Though it was funny at the time, only the future will tell if this solo climb will be “no problem.” Saying my good-byes to Michael and Bill this afternoon, I sensed that they were both pretty tired of me.
* * *
Though I stayed up until 5 A.M. writing and thinking, I woke at eight and jogged to the airport the morning of May 20. By noon, I was in a seat on a flight to the glacier. I thanked Loren and the pilot with some small souvenirs from Russia. Loren gave me two canisters of gas for Michael’s stove. Two hours after touchdown, I walked past the place where the West Rib route diverges from the easier route up the Buttress. Stopping about 5 P.M. near a group of Colorado skiers with two guides named Bob, I set up my camp. The Bobs patiently showed me how to operate Michael’s stove. Snow started falling; heavy accumulations made unloading the tent necessary twice during the night. Fog and snow all day long on the twenty-first reduced the visibility to zero. Since it was impossible to go on, I took the precaution of relocating my tent in a more protected spot.

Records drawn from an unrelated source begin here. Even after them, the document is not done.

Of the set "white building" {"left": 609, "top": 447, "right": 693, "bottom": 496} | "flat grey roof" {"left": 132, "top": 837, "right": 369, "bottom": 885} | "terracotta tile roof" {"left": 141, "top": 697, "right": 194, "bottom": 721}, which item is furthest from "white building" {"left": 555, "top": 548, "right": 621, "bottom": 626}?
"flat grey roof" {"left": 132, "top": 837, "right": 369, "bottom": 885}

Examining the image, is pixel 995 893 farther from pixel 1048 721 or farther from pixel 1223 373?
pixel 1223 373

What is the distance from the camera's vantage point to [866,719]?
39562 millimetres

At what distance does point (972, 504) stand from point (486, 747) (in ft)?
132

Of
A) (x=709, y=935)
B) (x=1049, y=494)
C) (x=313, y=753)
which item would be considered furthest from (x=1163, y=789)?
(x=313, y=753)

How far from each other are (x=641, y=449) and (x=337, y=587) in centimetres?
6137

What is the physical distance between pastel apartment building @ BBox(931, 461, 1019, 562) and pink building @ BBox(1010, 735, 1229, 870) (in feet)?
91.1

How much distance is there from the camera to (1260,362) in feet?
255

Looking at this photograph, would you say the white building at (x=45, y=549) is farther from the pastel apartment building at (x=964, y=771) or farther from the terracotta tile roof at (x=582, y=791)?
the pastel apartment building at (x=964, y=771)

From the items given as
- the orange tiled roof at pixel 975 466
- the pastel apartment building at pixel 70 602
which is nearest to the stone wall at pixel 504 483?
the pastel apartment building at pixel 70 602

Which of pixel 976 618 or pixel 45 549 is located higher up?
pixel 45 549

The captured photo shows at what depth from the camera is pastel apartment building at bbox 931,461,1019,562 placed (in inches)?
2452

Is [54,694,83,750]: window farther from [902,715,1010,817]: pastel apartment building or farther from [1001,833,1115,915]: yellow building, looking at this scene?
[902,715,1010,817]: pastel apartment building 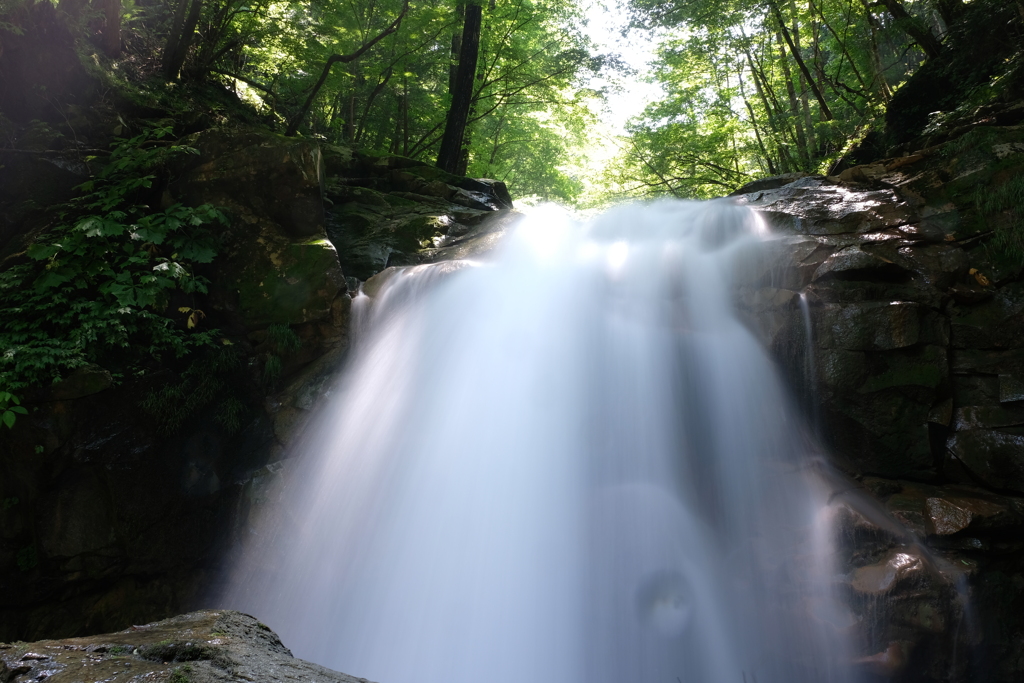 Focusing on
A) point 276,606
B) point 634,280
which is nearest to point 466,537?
point 276,606

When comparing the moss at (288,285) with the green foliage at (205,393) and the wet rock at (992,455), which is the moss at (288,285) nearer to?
the green foliage at (205,393)

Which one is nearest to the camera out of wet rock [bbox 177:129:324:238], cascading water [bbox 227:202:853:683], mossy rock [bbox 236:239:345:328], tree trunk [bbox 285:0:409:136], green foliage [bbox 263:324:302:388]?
cascading water [bbox 227:202:853:683]

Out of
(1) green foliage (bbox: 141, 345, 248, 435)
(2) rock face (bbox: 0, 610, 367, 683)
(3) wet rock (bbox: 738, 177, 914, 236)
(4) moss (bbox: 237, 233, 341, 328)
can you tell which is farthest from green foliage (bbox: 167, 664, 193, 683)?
(3) wet rock (bbox: 738, 177, 914, 236)

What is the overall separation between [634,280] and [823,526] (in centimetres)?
331

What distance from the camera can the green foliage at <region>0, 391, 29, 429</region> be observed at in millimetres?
4914

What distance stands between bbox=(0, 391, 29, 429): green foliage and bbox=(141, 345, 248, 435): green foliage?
0.94m

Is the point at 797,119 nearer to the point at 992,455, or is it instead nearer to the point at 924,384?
the point at 924,384

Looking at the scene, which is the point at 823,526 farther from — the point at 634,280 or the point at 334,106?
the point at 334,106

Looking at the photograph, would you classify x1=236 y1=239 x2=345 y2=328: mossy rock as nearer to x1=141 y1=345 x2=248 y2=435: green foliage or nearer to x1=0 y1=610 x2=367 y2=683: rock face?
x1=141 y1=345 x2=248 y2=435: green foliage

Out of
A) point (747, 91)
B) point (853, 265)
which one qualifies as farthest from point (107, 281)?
point (747, 91)

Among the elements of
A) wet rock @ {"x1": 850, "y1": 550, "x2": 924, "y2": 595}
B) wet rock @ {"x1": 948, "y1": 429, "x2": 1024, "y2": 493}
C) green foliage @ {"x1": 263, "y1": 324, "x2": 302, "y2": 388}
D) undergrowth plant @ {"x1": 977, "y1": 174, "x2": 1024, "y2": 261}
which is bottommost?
wet rock @ {"x1": 850, "y1": 550, "x2": 924, "y2": 595}

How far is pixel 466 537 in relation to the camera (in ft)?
16.2

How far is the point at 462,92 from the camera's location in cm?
1121

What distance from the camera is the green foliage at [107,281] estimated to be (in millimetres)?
5414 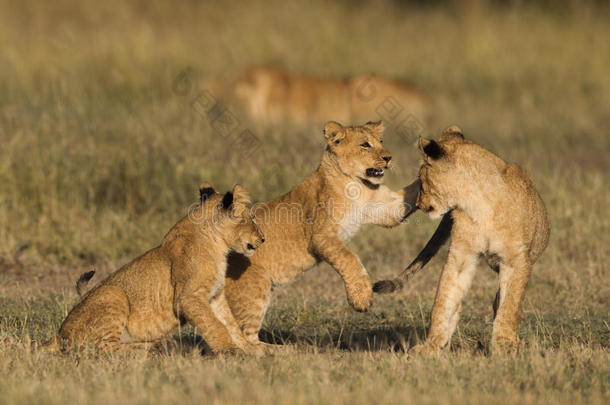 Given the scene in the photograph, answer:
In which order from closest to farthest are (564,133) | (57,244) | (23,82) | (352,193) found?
(352,193), (57,244), (23,82), (564,133)

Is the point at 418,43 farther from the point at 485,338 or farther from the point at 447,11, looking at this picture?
the point at 485,338

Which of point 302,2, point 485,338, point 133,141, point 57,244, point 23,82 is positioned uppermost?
point 302,2

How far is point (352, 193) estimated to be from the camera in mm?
6016

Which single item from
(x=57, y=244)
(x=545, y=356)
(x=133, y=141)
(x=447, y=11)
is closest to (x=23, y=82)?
(x=133, y=141)

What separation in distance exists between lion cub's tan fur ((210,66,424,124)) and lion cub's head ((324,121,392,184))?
6288mm

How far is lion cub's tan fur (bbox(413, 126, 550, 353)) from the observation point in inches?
209

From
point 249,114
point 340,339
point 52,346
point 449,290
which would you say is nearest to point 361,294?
point 449,290

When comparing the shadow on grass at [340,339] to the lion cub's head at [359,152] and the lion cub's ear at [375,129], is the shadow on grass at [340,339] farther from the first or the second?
the lion cub's ear at [375,129]

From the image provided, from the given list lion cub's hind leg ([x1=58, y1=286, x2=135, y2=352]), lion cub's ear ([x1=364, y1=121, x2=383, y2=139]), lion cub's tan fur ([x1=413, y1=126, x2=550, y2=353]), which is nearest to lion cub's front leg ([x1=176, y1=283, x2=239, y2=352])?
lion cub's hind leg ([x1=58, y1=286, x2=135, y2=352])

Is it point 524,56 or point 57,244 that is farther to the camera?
point 524,56

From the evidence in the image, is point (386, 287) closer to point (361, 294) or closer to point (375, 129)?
point (361, 294)

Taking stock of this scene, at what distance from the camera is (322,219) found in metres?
5.95

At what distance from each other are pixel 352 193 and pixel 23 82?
284 inches

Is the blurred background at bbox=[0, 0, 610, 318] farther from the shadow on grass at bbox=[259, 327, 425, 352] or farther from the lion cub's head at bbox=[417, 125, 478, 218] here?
the lion cub's head at bbox=[417, 125, 478, 218] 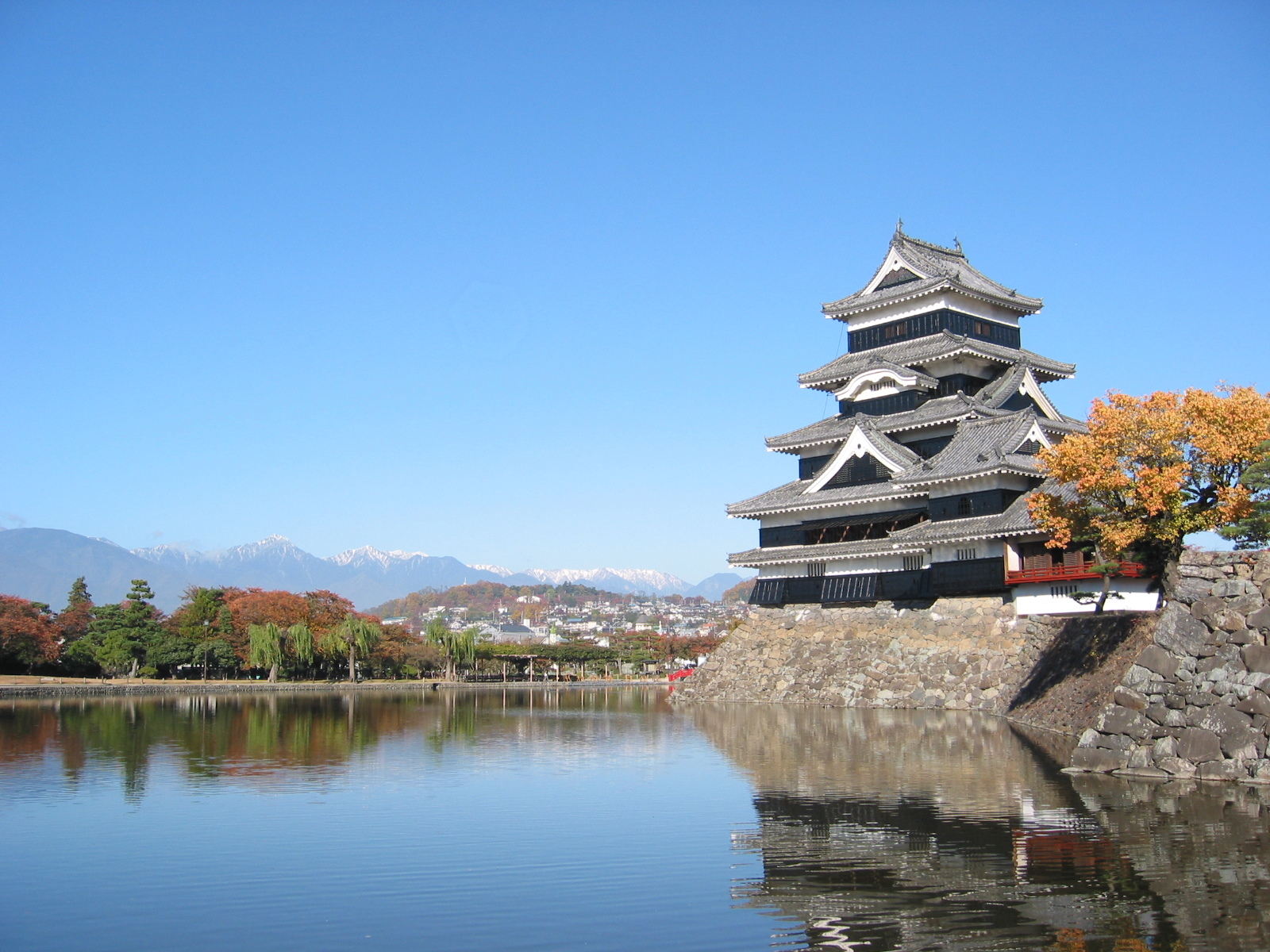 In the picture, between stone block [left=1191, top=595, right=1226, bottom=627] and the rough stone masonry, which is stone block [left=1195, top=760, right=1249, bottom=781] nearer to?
the rough stone masonry

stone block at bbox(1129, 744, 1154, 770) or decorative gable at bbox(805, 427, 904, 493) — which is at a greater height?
decorative gable at bbox(805, 427, 904, 493)

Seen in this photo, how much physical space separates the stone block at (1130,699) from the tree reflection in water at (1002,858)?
1465 mm

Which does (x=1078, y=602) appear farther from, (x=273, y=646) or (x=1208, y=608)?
(x=273, y=646)

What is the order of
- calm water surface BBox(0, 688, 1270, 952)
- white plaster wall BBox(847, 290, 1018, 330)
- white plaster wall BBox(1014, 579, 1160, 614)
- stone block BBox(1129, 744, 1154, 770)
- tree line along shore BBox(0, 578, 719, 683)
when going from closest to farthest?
calm water surface BBox(0, 688, 1270, 952), stone block BBox(1129, 744, 1154, 770), white plaster wall BBox(1014, 579, 1160, 614), white plaster wall BBox(847, 290, 1018, 330), tree line along shore BBox(0, 578, 719, 683)

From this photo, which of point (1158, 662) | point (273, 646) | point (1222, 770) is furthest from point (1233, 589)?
point (273, 646)

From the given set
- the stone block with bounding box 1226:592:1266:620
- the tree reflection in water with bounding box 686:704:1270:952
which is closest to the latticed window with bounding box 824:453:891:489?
the tree reflection in water with bounding box 686:704:1270:952

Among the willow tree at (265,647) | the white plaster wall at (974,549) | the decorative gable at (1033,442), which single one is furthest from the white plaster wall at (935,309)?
the willow tree at (265,647)

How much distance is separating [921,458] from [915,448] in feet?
3.55

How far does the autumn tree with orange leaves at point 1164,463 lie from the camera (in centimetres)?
2472

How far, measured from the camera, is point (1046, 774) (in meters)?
20.0

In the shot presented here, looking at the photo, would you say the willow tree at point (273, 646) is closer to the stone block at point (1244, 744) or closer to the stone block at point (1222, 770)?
the stone block at point (1222, 770)

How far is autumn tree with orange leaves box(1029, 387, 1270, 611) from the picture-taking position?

After breakfast on the twenty-second I said good-bye to the two Bobs. All their efforts to discourage my departure were useless. Soon the camp was far behind and I was left one-on-one with the knee-deep snow and the crevasses. Being attentive and careful, I struggled breaking a new trail for five hours. A couple descending from the West Rib passed me and reported that the couloir, the most dangerous part of my route, was in good condition. That was all I needed to know. Following in their tracks, I relaxed a little. Suddenly the snow dropped out from under me. Wedged in a crack, I sensed only emptiness beneath my feet. Unclipping my pack to decrease my weight, inch by inch I crawled to safety, then hauled the pack out. I was lucky that I had not disappeared down that hole. I proceeded more carefully, intending to finish what was normally a two-day crossing before dinner. Wading through the deep snow exhausted me. My level of fatigue was a clear indication to me that I had not fully rehabilitated from working on the previous expedition. Though I would not say that I starved on that trip, my weight was down to 74 kilograms from my normal eighty-two kilograms. Ahead of me was an unusual effort. A team would take about twenty days and acclimated mountaineers might take three or four days to do what I hoped to accomplish in one. My plan was simple: to climb continuously until I reached the summit.